> **PROBLEM DESCRIPTION**
For the records below, please print exactly and only the lines from the one with "Komplett ljuspaket –" down to the one with "Infographic showing kale", both ends included, omitting the pictures.

> **STORED DATA**

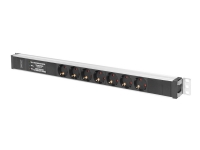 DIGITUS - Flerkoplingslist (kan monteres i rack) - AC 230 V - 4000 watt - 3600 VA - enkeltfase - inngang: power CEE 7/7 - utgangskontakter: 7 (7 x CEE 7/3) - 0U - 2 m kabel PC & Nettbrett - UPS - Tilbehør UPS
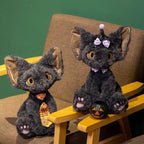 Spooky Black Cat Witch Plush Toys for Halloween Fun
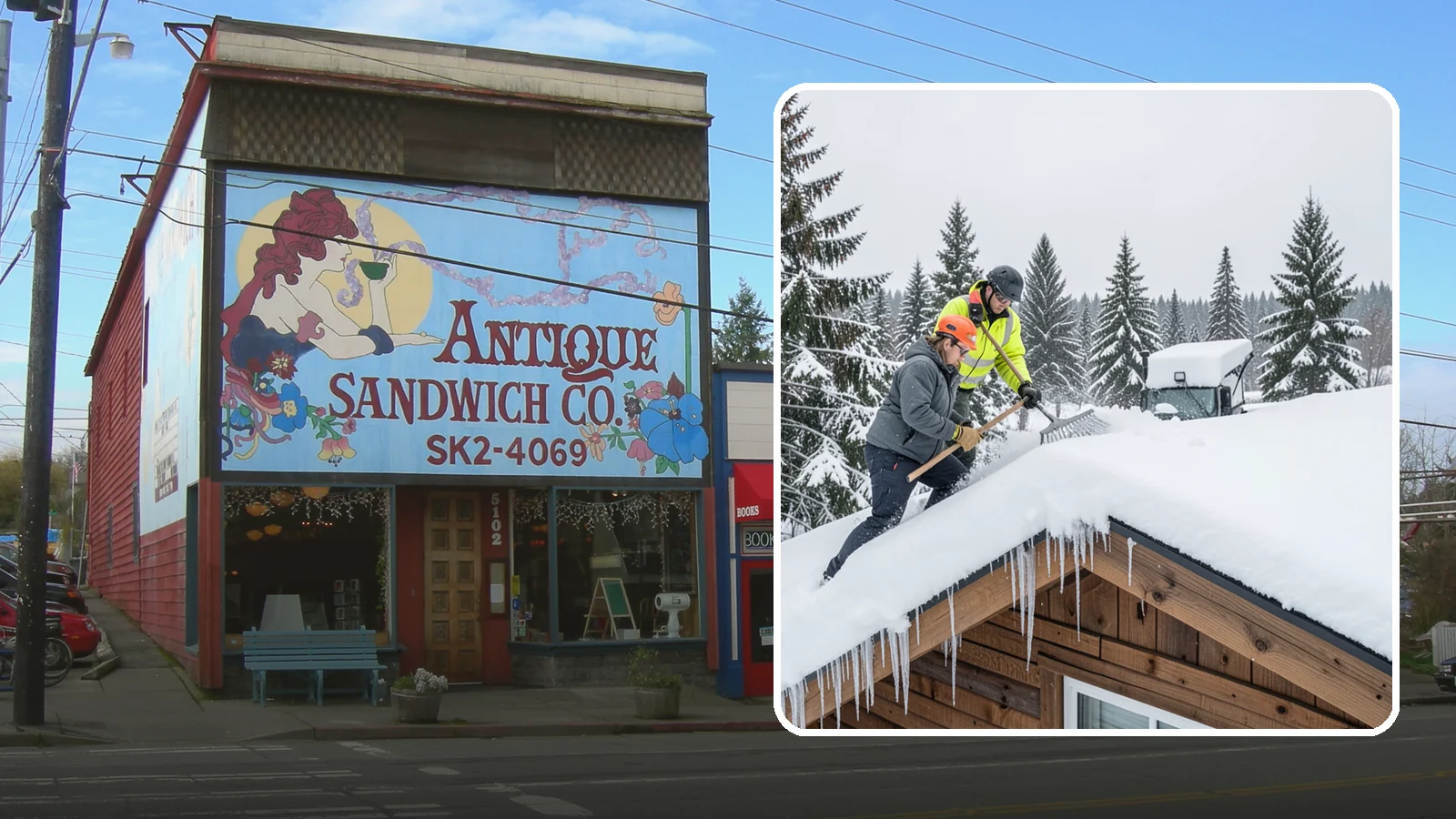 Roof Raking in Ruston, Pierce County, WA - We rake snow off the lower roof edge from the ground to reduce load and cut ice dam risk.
==
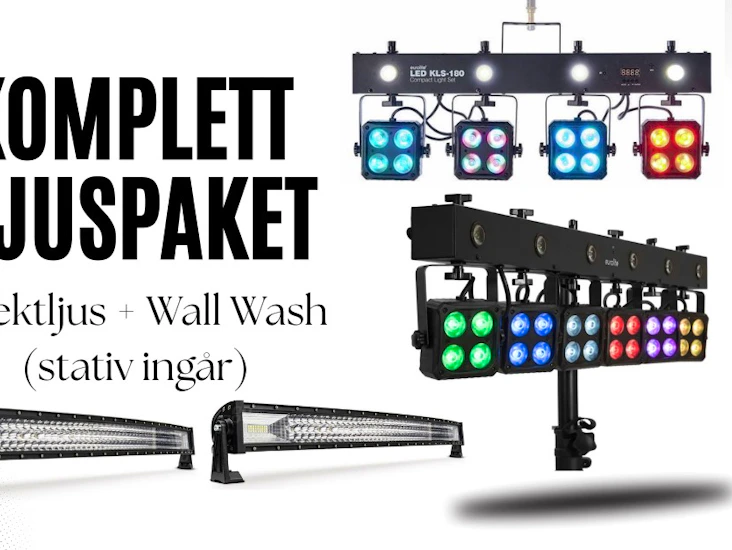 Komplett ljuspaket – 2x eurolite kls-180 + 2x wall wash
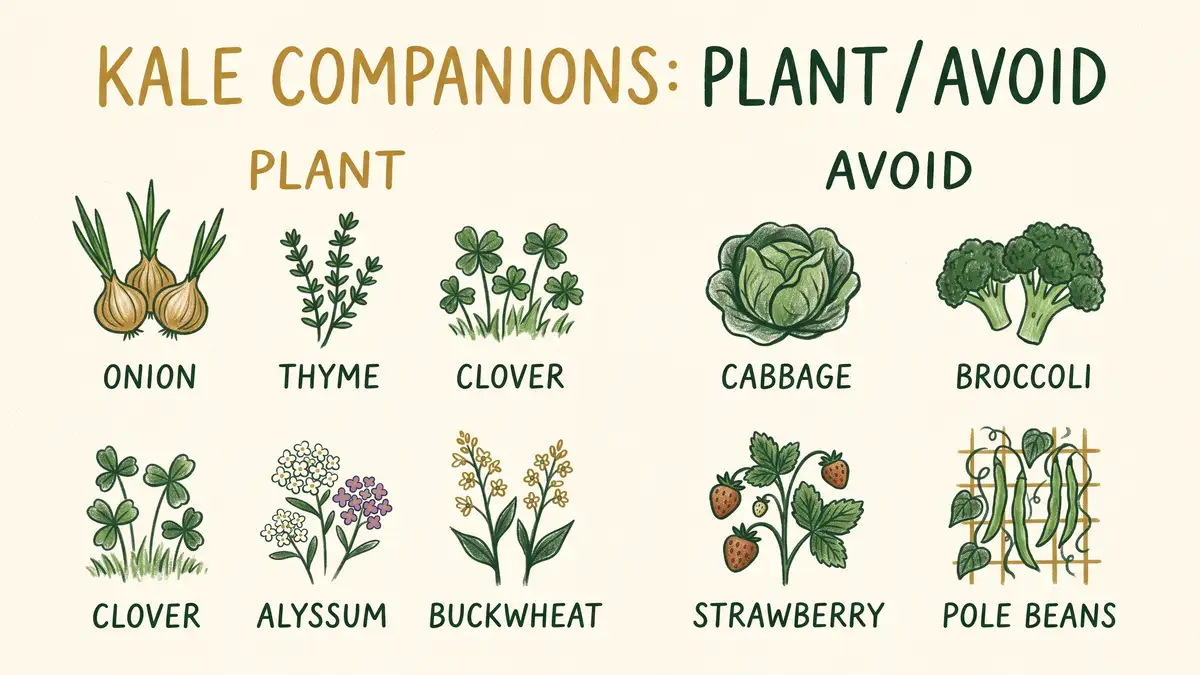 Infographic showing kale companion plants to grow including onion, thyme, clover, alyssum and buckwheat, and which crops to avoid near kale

> **OUTPUT OF THE TASK**
 Komplett ljuspaket – 2x eurolite kls-180 + 2x wall wash
 Infographic showing kale companion plants to grow including onion, thyme, clover, alyssum and buckwheat, and which crops to avoid near kale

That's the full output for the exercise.